(What you have to do): The material below is to be copied exactly from the line with "Snapshot of trash4cash" up to and including the line with "Double room Berlin, 2 beds, 15m² — photo 9", with nothing else kept and no pictures.

(Material to process):
+++

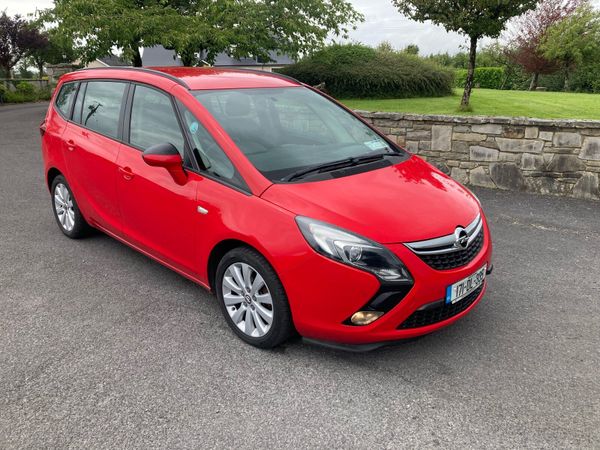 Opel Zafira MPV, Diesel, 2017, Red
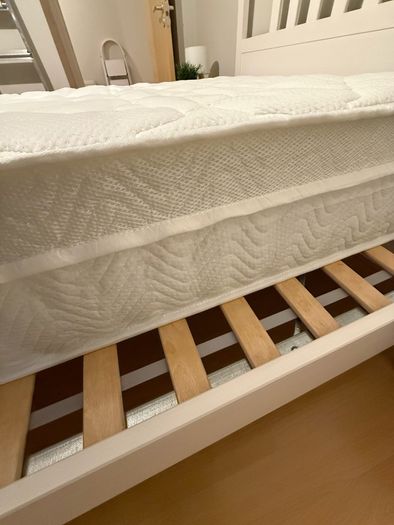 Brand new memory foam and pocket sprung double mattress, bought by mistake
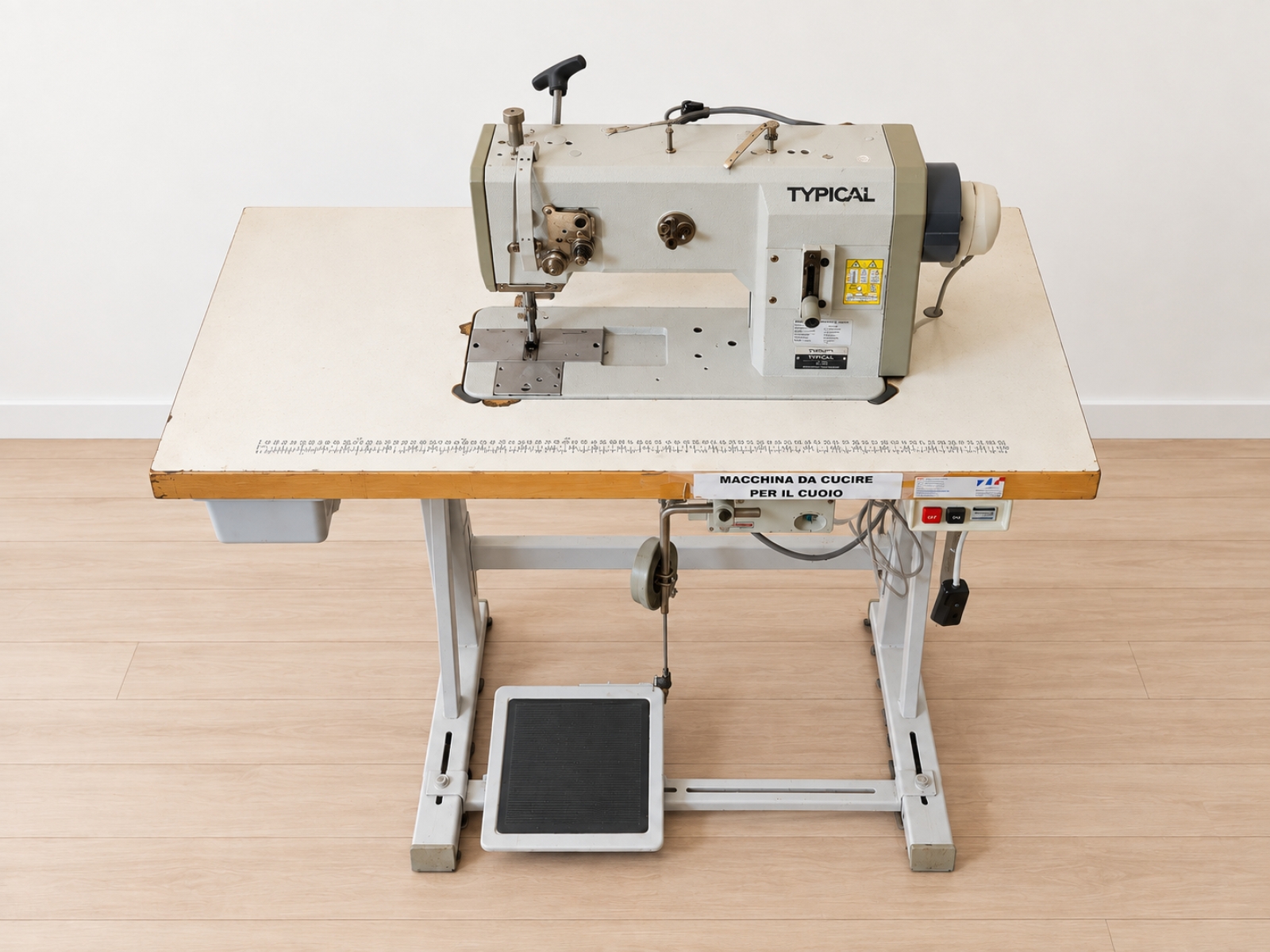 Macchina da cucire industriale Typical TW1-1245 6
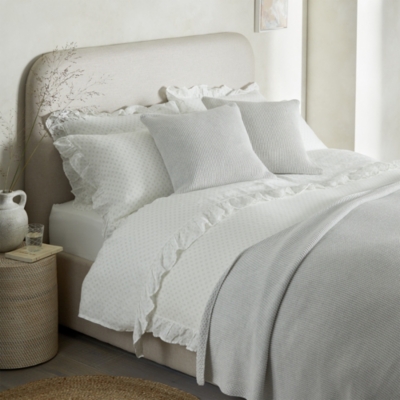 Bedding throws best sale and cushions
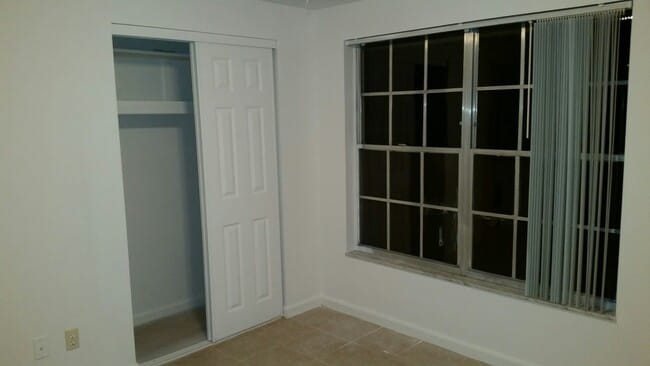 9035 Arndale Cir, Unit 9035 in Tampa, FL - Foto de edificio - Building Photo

+++

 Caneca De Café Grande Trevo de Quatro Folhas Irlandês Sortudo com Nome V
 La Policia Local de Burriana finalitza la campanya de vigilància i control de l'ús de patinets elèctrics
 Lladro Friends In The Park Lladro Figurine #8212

+++

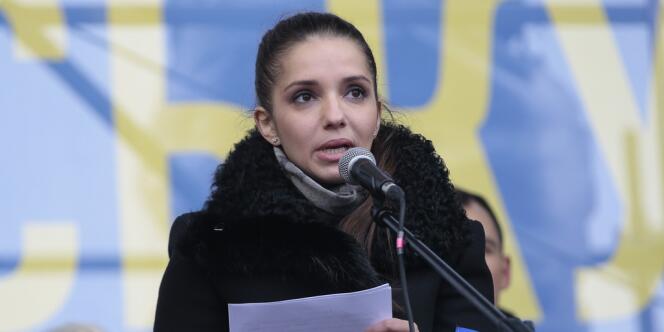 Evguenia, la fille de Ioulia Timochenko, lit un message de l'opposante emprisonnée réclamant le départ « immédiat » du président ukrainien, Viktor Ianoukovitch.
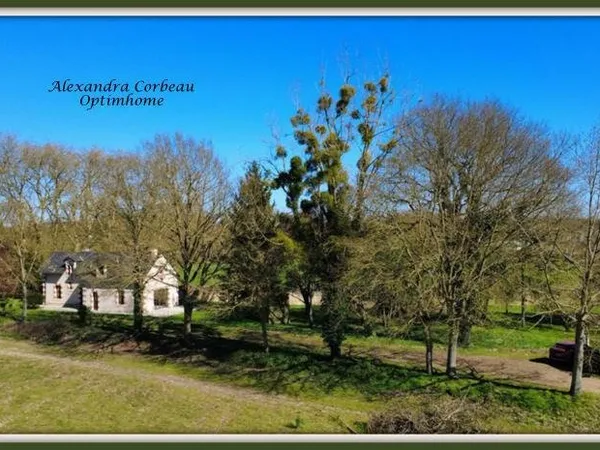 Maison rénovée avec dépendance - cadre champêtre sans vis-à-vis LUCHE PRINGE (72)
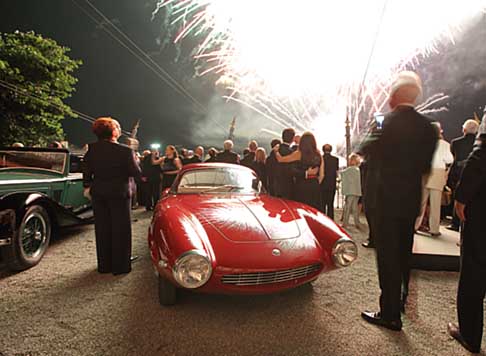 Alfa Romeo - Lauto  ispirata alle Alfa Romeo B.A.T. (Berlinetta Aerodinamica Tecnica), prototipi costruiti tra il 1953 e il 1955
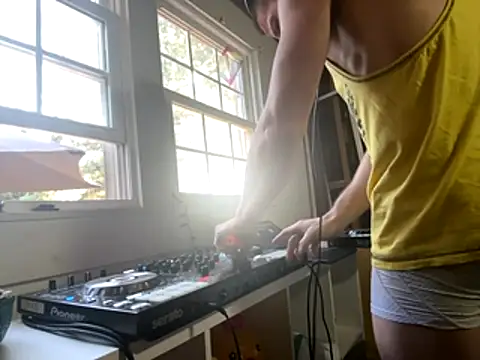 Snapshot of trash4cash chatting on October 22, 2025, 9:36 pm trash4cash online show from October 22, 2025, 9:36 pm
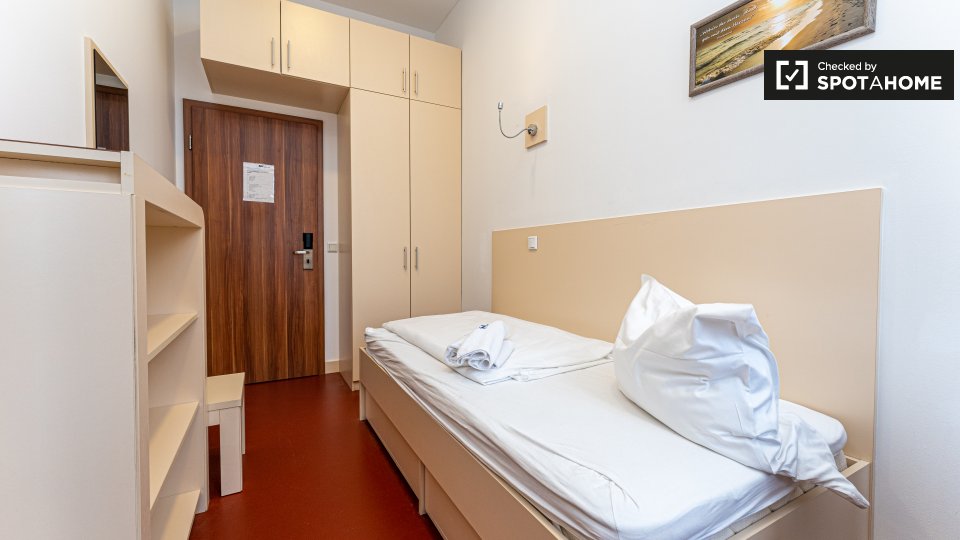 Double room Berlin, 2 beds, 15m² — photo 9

+++

(Answer space):
 Snapshot of trash4cash chatting on October 22, 2025, 9:36 pm trash4cash online show from October 22, 2025, 9:36 pm
 Double room Berlin, 2 beds, 15m² — photo 9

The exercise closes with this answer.